Risking China’s anger, U.S. House Speaker Kevin McCarthy hosted Taiwan President Tsai Ing-wen on Wednesday as a “great friend of America” in a fraught show of U.S. support at a rare high-level, bipartisan meeting on U.S. soil.

Speaking carefully to avoid unnecessarily escalating tensions with Beijing, Ms. Tsai and Mr. McCarthy steered clear of calls from hard-liners in the U.S. for a more confrontational stance toward China in defence of self-ruled Taiwan.

Instead, the two leaders stood side by side in a show of unity at the Ronald Reagan Presidential Library in California, acknowledging China’s threats against the island government but speaking only of maintaining longstanding U.S. policy.

“America’s support for the people of Taiwan will remain resolute, unwavering and bipartisan,” Mr. McCarthy said at a news conference later.

Peace through strength

He evoked Reagan’s peace-through-strength approach to foreign relations and emphasised “this is a bipartisan meeting of members of Congress,” not any one political party. He said U.S.-Taiwan ties are stronger than at any other point in his life.

He and Ms. Tsai spoke to reporters with Reagan’s Air Force One as a backdrop.
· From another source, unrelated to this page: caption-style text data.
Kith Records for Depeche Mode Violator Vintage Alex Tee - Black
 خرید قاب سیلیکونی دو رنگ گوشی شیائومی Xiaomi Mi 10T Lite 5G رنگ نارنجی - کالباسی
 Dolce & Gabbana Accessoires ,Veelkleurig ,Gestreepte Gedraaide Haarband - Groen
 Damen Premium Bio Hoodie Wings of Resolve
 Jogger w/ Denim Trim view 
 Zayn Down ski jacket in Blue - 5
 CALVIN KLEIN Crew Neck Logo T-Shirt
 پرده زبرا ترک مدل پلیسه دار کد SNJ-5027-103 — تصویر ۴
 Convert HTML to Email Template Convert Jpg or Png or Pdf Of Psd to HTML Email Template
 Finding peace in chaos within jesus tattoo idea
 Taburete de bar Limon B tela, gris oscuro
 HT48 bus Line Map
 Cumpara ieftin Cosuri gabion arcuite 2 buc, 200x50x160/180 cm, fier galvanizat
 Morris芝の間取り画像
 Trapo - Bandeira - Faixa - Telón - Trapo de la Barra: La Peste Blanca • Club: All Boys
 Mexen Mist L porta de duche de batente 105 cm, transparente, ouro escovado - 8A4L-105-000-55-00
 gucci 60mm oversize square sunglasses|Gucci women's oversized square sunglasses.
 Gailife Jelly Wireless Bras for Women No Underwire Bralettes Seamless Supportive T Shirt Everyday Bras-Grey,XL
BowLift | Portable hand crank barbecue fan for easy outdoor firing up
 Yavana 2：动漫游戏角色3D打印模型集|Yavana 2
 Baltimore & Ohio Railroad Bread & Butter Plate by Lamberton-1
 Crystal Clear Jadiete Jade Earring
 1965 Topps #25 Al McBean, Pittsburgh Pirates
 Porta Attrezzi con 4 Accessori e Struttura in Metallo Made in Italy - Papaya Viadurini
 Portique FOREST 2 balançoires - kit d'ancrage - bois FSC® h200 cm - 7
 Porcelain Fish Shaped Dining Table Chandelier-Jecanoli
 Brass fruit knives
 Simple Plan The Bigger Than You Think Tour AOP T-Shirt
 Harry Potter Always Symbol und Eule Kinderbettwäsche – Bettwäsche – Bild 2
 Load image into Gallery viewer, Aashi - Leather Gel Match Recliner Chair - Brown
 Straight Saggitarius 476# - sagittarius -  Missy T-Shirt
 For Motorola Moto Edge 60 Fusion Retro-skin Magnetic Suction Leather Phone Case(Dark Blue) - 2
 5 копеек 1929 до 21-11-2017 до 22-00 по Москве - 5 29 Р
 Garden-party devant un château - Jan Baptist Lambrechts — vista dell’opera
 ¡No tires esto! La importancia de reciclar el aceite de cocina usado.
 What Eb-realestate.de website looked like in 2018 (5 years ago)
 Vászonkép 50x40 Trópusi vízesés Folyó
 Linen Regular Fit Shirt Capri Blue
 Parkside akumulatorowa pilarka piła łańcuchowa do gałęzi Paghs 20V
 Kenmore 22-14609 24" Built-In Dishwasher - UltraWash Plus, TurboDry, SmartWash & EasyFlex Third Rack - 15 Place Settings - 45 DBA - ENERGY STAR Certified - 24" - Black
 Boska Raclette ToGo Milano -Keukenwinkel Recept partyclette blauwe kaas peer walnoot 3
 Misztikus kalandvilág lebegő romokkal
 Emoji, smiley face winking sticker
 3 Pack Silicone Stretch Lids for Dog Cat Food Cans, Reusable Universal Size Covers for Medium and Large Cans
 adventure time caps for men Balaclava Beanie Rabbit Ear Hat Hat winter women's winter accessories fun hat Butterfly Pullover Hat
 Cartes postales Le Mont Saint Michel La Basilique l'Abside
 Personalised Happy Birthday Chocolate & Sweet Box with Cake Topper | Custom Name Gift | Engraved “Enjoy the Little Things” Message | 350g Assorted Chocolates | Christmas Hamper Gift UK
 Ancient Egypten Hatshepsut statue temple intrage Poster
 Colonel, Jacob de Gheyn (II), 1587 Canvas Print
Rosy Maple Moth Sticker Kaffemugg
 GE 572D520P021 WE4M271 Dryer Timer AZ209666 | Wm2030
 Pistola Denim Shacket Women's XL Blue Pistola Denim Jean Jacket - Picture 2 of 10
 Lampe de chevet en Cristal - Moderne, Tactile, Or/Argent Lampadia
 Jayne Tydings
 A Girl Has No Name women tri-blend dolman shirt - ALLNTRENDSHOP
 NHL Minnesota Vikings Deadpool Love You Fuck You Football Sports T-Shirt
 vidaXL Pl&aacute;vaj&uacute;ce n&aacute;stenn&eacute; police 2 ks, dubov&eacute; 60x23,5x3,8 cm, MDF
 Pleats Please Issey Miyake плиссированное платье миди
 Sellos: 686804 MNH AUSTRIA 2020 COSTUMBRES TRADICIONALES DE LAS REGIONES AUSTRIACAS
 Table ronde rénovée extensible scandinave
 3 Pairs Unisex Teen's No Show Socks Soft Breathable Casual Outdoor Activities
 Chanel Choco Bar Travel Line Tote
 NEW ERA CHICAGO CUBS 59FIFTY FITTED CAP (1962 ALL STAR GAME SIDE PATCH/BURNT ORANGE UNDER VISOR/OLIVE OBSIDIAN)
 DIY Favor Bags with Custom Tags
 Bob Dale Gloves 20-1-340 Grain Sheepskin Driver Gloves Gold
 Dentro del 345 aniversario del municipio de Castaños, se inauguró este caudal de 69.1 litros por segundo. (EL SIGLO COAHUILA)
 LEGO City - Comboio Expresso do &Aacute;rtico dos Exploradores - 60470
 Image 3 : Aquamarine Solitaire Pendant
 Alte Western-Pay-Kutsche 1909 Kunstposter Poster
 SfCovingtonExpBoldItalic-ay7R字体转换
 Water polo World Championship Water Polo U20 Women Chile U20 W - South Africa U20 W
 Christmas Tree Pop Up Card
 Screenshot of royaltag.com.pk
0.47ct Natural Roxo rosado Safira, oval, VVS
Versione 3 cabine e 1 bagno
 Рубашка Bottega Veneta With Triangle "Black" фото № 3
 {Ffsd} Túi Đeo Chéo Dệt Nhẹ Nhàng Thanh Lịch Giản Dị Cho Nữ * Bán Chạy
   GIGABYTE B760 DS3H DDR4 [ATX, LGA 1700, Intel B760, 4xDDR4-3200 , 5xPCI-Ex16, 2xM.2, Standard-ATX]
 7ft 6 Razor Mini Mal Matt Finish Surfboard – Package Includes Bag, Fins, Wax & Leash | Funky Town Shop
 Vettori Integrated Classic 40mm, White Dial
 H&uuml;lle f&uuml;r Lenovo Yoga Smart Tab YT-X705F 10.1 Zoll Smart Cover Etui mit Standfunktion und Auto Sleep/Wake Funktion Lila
She said the “unwavering support reassures the people of Taiwan that we are not isolated.”

Still, the formal trappings of the meeting, and the senior rank of some of the elected officials in the delegation from Congress, threatened to run afoul of China’s position that any interaction between U.S. and Taiwanese officials is a challenge to China’s claim of sovereignty over the island.

More than a dozen Democratic and Republican lawmakers, including the House’s third-ranking Democrat, joined Republican McCarthy for the daylong talks.

Self defence

During a private session they spoke of the importance of Taiwan’s self-defence, of fostering robust trade and economic ties and supporting the island government’s ability to participate in the international community, Ms. Tsai said.

Taiwan’s President Tsai Ing-wen meets U.S. Speaker of the House Kevin McCarthy at the Ronald Reagan Presidential Library in Simi Valley, California, U.S. April 5, 2023.
| Photo Credit:
Reuters

They made no mention of calls from hard-liners in and out of Congress for a greater U.S. commitment to Taiwan’s defense if China should attack.

Ms. Tsai said she stressed to lawmakers Taiwan’s commitment “to defending the peaceful status quo where the people in Taiwan may continue to thrive in a free and open society.”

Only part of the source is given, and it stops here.